Polymyxin B analog SPR741 potentiates antibiotics against Gram-negative bacteria and uniquely perturbs the outer membrane.

Therapeutics targeting Gram-negative bacteria have the challenge of overcoming a formidable outer membrane (OM) barrier. Here we characterize the action of SPR741, a novel polymyxin B (PMB) analog shown to potentiate several large-scaffold antibiotics in Gram-negative pathogens. Probing the surface topology of Escherichia coli using atomic force microscopy revealed substantial OM disorder at concentrations of SPR741 that lead to antibiotic potentiation.
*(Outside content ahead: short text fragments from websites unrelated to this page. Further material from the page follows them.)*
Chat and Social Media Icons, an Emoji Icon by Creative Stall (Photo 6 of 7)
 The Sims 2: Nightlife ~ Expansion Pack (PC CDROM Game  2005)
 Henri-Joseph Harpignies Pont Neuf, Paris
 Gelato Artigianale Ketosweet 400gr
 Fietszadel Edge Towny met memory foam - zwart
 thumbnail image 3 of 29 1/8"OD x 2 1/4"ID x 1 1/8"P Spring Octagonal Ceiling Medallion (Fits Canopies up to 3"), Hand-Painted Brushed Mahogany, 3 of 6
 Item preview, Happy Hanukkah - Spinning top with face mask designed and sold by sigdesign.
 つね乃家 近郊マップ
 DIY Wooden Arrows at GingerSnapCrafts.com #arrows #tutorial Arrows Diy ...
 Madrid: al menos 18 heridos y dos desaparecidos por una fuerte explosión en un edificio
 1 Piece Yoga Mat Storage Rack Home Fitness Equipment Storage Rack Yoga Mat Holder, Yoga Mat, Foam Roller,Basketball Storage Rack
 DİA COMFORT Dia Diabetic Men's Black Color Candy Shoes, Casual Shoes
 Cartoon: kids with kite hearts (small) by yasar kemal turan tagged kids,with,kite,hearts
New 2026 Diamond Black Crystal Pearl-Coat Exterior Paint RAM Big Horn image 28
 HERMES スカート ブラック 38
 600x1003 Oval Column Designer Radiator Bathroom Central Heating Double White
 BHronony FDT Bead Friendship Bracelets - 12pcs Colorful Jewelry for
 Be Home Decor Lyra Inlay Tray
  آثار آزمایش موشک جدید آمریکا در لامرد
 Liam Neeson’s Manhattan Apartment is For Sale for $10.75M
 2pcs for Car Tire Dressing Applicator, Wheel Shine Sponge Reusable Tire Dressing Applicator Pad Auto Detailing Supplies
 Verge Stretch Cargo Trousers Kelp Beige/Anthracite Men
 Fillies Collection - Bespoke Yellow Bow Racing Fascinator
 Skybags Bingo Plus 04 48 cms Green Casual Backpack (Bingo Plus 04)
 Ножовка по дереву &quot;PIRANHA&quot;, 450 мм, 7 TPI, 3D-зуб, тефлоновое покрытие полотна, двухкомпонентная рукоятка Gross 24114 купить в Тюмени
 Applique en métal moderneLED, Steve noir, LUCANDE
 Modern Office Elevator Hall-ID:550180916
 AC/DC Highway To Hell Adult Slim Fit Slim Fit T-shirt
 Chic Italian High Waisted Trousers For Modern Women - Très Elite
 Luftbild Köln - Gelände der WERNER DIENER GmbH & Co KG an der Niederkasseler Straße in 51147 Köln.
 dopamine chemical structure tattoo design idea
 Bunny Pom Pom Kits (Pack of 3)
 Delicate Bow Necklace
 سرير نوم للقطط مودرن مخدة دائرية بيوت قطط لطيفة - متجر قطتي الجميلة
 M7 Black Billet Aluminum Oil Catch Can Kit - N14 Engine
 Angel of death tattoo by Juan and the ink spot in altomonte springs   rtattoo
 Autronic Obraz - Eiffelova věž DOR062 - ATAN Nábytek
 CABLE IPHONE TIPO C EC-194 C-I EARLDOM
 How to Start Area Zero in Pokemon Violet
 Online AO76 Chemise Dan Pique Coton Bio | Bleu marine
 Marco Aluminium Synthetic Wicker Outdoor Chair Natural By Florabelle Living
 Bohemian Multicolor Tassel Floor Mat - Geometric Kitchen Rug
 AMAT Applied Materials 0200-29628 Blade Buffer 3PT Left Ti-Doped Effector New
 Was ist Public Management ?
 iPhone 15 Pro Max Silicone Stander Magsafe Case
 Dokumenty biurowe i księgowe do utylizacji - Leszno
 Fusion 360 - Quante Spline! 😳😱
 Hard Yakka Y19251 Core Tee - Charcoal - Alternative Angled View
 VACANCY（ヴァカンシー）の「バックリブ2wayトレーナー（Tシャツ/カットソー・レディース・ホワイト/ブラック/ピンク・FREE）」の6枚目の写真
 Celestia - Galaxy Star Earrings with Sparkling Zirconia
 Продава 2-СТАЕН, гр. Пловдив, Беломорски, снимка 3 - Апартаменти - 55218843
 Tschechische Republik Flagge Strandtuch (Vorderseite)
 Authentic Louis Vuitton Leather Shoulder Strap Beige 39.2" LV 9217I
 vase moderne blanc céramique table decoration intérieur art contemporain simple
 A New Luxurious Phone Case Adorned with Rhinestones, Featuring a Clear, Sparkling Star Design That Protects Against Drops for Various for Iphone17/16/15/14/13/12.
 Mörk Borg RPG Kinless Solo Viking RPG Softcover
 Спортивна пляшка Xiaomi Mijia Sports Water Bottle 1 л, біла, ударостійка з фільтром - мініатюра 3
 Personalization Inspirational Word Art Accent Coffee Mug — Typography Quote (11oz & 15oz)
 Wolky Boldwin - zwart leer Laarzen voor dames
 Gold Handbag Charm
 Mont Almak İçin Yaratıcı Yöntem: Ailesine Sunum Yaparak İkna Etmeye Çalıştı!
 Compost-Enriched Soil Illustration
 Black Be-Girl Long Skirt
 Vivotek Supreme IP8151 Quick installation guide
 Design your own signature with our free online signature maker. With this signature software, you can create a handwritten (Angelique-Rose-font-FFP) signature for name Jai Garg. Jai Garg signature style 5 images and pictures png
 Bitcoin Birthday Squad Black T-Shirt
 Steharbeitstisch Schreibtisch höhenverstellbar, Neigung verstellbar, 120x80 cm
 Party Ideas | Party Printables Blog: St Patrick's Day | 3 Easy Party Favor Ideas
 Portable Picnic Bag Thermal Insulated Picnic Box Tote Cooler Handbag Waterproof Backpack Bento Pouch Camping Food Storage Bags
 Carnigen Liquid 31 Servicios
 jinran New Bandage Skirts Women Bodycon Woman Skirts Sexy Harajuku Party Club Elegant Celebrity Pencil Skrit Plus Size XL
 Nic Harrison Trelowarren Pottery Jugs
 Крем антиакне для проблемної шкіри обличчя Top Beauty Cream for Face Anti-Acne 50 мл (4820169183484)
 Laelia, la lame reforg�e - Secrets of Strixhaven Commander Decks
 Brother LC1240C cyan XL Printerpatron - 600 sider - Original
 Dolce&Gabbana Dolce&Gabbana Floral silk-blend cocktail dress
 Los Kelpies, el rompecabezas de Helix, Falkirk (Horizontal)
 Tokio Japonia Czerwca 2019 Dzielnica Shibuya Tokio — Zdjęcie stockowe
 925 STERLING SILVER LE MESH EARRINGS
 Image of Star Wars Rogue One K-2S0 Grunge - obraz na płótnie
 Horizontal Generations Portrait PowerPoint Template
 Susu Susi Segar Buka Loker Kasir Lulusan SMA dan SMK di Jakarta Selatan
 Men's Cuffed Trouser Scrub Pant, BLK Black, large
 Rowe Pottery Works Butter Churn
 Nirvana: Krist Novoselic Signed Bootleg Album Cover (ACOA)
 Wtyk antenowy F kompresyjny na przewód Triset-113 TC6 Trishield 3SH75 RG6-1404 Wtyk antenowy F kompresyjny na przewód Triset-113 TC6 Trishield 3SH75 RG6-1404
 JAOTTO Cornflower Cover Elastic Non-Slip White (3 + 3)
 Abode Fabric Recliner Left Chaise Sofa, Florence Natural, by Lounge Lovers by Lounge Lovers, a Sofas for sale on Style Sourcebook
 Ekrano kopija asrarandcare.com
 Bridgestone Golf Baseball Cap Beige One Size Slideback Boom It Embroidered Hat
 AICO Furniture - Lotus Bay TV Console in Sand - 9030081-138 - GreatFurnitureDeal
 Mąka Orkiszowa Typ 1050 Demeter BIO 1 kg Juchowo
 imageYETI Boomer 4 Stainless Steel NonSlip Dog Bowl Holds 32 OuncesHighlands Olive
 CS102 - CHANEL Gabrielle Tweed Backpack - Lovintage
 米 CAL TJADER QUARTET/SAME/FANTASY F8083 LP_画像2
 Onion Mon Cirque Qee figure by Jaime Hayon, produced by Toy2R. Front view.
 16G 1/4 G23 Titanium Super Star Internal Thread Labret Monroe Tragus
Conversely, very little cytoplasmic membrane depolarization was observed at these same concentrations, indicating that SPR741 acts predominately on the OM. Truncating the LPS core with genetic perturbations uniquely sensitized E. coli to SPR741, suggesting that LPS core residues keep SPR741 at the OM where it can potentiate a co-drug, rather than permit its entry to the cytoplasmic membrane. Further, a promoter activity assay revealed that SPR741 challenge induced the expression of RcsAB, a stress sensor for OM perturbation. Together these results indicate that SPR741 interacts predominately with the OM, in contrast to the dual action of PMB and colistin at both the outer and cytoplasmic membranes.